Are you aware of respected/published authors who still say (post 1973) that the only essential words are “I absolve you”?
A reader from Singapore asked what the minimal formula for absolution was. St. Thomas Aquinas and the majority of classical theology manuals held that the nucleus of the formula was the expression “I absolve you.” A few also sustained that the words “from your sins” were also necessary. All agreed that the Trinitarian invocation and the other prayers were not required for validity but were necessary for the sacrament’s licit celebration in non-emergency situations.
“Ego te absolvo” as the sacramental form of Penance was fixed by infallible decree at the Council of Trent.
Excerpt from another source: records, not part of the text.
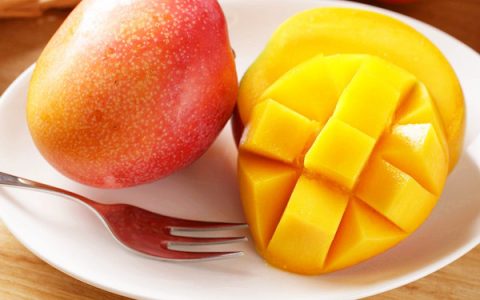 芒果干热量高吗易长胖吗(芒果的热量高吗?)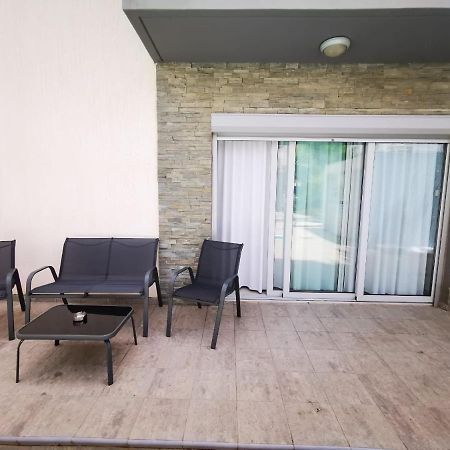 Amazing 2-Bedroom Apartment With Pool!! Limassol Kültér fotó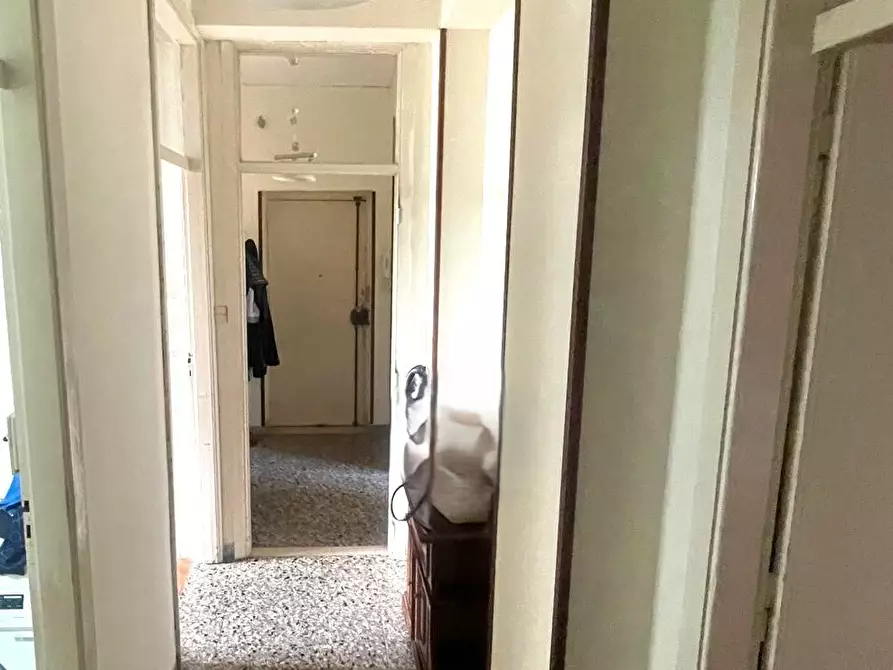 Immagine 4 di Trilocale in vendita  in Via Cassino 10 a Reggio Di Calabria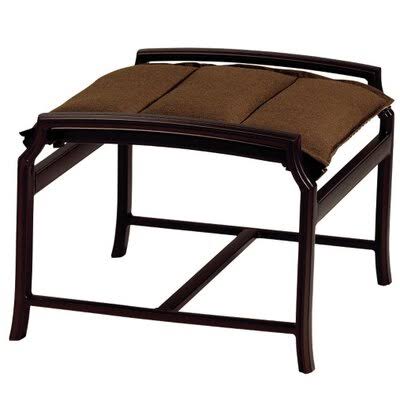Padded Sling Ottoman Y257359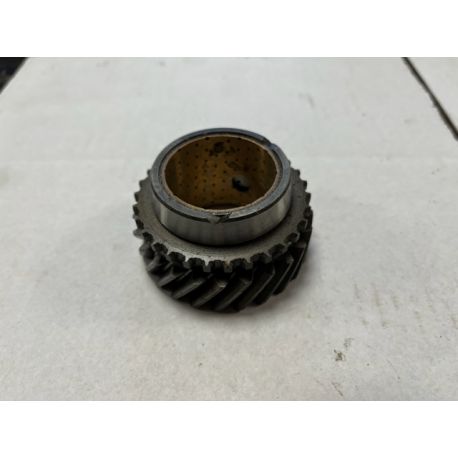 Gear and nearing assy transmission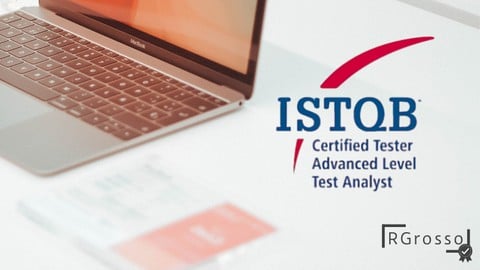 ISTQB Advanced Level Test Analyst (CTAL-TA) (2023)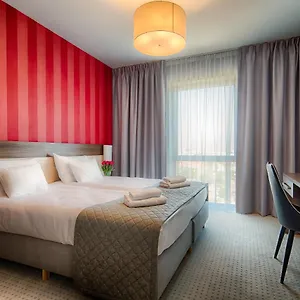 Focus Premium Hotell Gdańsk
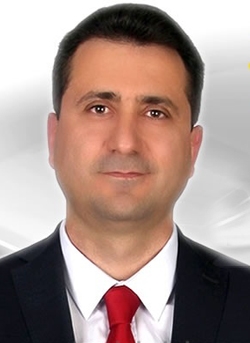 Mustafa Güvenç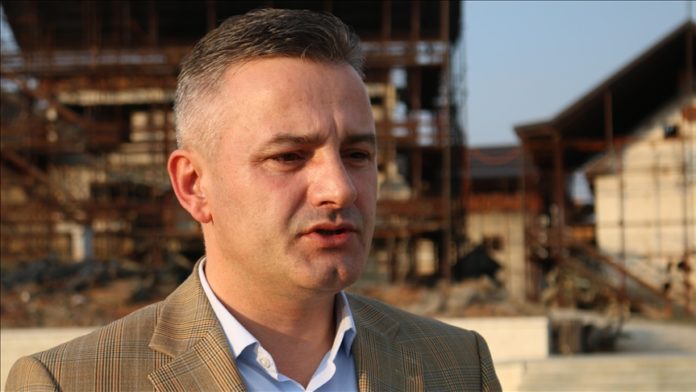 Jashari: Jemi të gatshëm si shtet edhe si shoqëri t’i dalim zot vendit tonë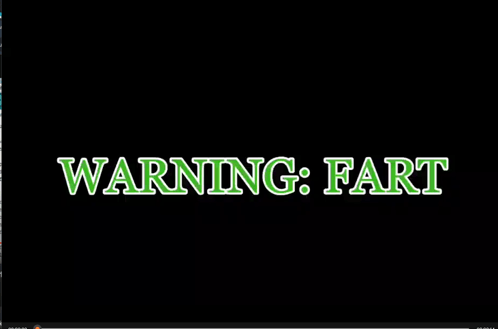 Fart Warning Fart GIF - Fart Warning Fart GIFs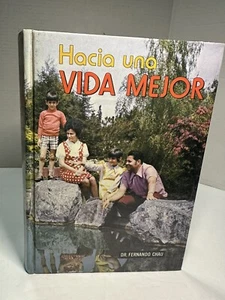 Hacia una Vida mejor por Fernando Chaij Iglesia Adventista del Septimo Dia 1972 - Picture 1 of 10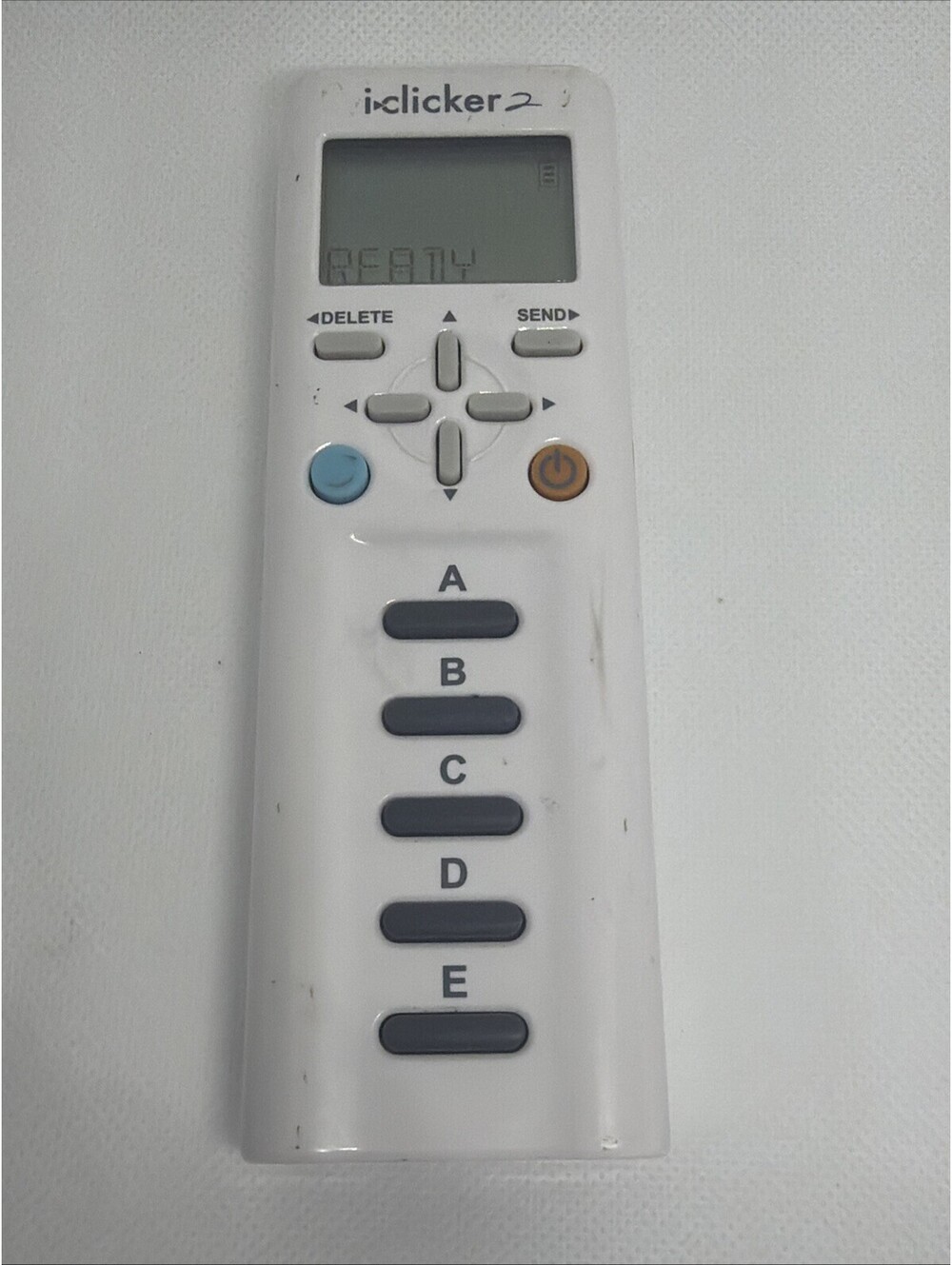 🌊 iClicker 2 Student Classroom Response Remote Fully Tested WORKS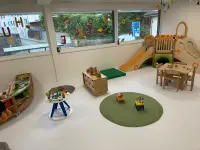 Kita Zwergehuus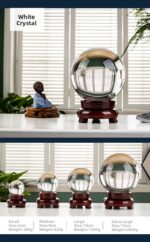 Divination crystal ball - 图片 7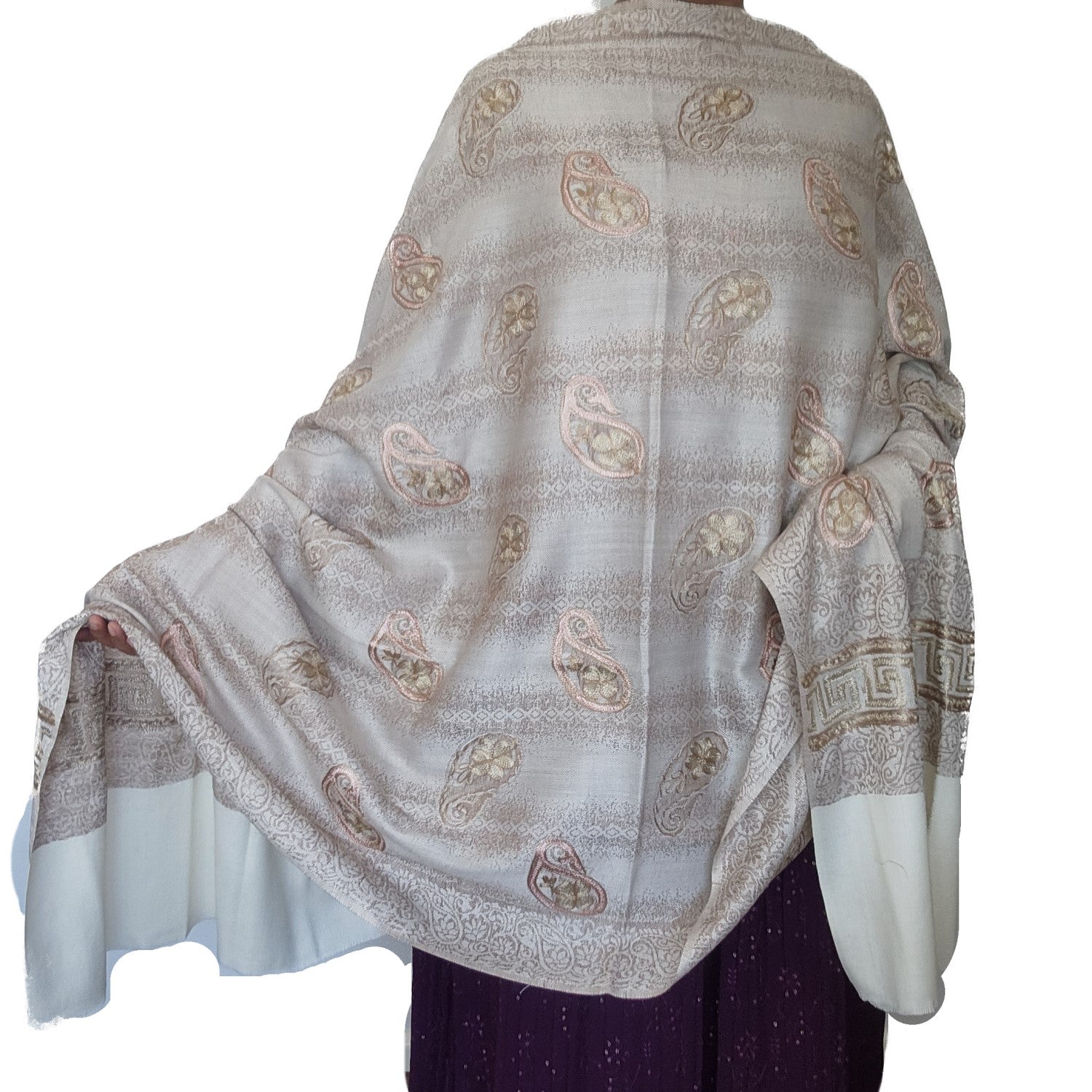 Shawls store for sale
The 1973 Rite of Penance may be correct that all those words are “essential,” but it must therefore be using “essential” in some sense other than sacramental form.
It is NOT an abuse if the priest does not ask for the act of contrition to be said.
Absolution is NOT conditional upon the penance being done.
Elizium23: thanks for the link. Fr. McNamara says any formula that has once been approved is always valid. I don’t think I ever considered that possibility before but maybe he’s right. On the other hand, in the book “Liturgy and Law” (2006) the author Huels says the priest “must say” the shorter formula for a valid absolution (pp. 200-201).
sw85: I’m not sure what other meaning “essential” can have and given the way the revised Rite says that abbreviated formula (“I absolve…Holy Spirit.”) has to be used even in “immanent danger of death” (#21) is instructive as to what the Rite expects. I don’t think we can say that the supreme authority in the Church is unable to alter Sacramental forms, even if a previous Council has made a determination…
I have not followed the thread so I will simply comment on the later question of “I absolve you” being essential for validity or not. And the note about regarding what the Rite says.
I agree with what the good Father there said is the case that “I absolve you” has been taken to be “valid”. The Theologian Fr. John Hardon too notes the same.
“Essential” l can be said to mean there in the Rite book : as in “essential for licit form” --thus the Rite is not dealing with what is needed absolutely for validity there but what is needed for licit form of absolution (which of course will also be valid). “What the* Rite* is to be”. Thus when say there is need (such as due to time…the person dying etc) the form “I absolve you from your sins in the name of the Father and of the Son and of the Holy Spirit” is the short form that can be used licitly (and of course validly). But that does not mean there can not be “valid forms” that are not exactly that in the west --which are still valid.
Similar questions can rise about Baptism – where the Rite may say the “essential form” is …referring to the licit form in necessity.
But the Church judges various “alterations” to be valid or not valid according to the criteria for a valid baptism (as one can see in the various judgments about such and other sources).
Bottom line – Sacraments are to be celebrated as the Church describes --even the “short forms” --but variances from such do not necessarily “invalidate” them. Though they may such as “I baptize you in Name of the Creator, the Redeemer and the Sanctifier” is invalid.